Anthro-Goetheanismus

Anthro-Goetheanismus: Goetheanismus nur für Anthroposophen?

Anmerkungen zu einem aktuellen Artikel von Wolfgang Schad

 

In der anthroposophischen Monatsschrift Die Drei erschien von Mai bis Juli 2002 ein Aufsatz des wohl renommiertesten goetheanistischen Naturwissenschaftlers, Wolfgang Schad, mit dem Titel “Was ist Goetheanismus?”. Schad nimmt zwar keinen Bezug auf meinen gleichnamigen Webartikel, aber er gibt doch Anlaß zu einer Stellungnahme, indem er das scheinbar gleiche Thema in einer vollkommen anderen Weise behandelt. Besonders bemerkenswert finde ich, was Schad als ein führender Vertreter des real existierenden Goetheanismus bei seiner Darstellung wegläßt und somit offenbar nicht zum Goetheanismus rechnet.
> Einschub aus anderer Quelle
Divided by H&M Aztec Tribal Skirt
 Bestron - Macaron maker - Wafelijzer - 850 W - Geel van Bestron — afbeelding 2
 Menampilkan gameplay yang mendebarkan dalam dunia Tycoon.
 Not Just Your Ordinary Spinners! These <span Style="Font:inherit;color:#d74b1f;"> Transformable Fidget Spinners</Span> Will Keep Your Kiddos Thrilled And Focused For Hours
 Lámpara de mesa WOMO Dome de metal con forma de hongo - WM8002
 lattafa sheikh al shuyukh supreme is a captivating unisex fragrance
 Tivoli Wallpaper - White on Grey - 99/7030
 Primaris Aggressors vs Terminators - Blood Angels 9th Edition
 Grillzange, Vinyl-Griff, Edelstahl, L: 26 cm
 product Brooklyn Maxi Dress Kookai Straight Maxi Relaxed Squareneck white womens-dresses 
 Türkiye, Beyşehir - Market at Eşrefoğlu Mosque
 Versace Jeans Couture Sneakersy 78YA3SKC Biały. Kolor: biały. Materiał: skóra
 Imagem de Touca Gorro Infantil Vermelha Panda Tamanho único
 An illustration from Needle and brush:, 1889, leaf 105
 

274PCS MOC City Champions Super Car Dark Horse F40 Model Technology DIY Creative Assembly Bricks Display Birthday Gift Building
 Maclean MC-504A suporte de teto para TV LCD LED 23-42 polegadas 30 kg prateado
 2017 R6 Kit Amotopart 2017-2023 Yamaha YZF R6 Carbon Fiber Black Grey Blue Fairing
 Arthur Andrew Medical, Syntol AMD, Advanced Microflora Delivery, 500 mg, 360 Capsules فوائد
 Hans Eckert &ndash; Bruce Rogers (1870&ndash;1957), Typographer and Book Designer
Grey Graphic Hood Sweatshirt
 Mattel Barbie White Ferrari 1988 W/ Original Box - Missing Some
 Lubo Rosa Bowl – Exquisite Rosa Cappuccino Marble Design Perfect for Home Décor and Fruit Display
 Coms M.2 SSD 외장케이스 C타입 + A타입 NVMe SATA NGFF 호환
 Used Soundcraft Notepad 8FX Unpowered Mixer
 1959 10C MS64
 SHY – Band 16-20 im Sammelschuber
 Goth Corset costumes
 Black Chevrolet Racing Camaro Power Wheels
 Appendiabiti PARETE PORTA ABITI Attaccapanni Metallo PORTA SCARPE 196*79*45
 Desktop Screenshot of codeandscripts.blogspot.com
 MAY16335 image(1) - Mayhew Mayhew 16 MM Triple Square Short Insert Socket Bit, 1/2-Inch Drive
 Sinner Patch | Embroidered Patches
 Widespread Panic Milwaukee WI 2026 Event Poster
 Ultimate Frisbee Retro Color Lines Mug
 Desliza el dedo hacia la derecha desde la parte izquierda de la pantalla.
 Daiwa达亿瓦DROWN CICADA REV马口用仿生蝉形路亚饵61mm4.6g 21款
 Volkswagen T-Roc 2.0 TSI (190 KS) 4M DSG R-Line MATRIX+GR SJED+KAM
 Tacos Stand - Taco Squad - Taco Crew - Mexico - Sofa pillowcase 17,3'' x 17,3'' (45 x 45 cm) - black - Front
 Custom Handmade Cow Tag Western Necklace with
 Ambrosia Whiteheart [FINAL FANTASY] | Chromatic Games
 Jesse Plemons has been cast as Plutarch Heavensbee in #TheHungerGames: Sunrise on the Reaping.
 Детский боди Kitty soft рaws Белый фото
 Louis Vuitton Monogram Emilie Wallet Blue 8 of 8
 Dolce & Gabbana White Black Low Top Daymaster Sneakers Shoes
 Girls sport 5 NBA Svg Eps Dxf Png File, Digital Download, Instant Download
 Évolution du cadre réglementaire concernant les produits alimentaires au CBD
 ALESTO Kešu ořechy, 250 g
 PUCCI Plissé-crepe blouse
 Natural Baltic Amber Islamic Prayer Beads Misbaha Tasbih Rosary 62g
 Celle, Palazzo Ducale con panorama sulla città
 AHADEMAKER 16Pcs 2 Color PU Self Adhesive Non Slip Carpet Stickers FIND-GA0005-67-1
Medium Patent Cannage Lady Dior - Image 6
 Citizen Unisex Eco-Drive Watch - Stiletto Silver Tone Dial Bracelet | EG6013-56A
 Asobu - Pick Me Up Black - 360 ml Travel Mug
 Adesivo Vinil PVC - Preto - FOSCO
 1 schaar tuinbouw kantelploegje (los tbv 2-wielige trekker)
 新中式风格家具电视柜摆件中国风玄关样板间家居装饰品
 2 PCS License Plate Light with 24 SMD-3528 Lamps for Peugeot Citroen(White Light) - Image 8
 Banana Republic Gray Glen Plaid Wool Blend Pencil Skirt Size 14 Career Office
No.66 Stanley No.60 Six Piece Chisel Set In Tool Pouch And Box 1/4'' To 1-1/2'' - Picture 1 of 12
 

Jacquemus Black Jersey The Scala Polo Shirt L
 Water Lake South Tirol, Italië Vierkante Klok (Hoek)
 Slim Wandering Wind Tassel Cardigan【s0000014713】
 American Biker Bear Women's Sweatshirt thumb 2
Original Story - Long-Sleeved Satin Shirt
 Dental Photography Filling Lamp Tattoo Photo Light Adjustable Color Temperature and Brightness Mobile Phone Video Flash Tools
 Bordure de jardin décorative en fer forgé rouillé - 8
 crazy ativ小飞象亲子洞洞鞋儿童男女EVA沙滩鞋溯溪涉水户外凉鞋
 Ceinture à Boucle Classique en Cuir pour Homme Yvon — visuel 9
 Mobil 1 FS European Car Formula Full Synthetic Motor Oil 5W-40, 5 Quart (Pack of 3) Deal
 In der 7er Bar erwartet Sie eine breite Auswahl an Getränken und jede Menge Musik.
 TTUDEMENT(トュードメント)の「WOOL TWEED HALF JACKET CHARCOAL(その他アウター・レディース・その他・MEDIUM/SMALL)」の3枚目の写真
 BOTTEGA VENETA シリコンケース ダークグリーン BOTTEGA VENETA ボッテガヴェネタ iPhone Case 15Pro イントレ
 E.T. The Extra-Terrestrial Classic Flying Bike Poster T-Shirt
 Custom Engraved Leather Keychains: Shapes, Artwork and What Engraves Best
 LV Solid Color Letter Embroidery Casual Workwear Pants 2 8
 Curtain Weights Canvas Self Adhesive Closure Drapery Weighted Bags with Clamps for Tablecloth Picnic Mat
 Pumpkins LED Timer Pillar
Schad befaßt sich in seinem Aufsatz zunächst mit “Wortgeschichte”: Wer verwendete das Wort “Goetheanismus” erstmals (ein gewisser Karl Gustav Brinkmann 1803 in einem Brief an Goethe), und wann griff Steiner es erstmals auf (1884)? Danach wendet er sich den unter Anthroposophen mitunter als “frühe Goetheanisten” bezeichneten Zeitgenossen Goethes zu: den romantischen Naturphilosophen, mit denen Goethe allzu oft in einen Topf geworfen wird. Dieses Mißverständnis auszuräumen, mag sinnvoll sein, bevor man sich endlich der Frage zuwendet, was berechtigterweise unter “Goetheanismus” verstanden werden kann.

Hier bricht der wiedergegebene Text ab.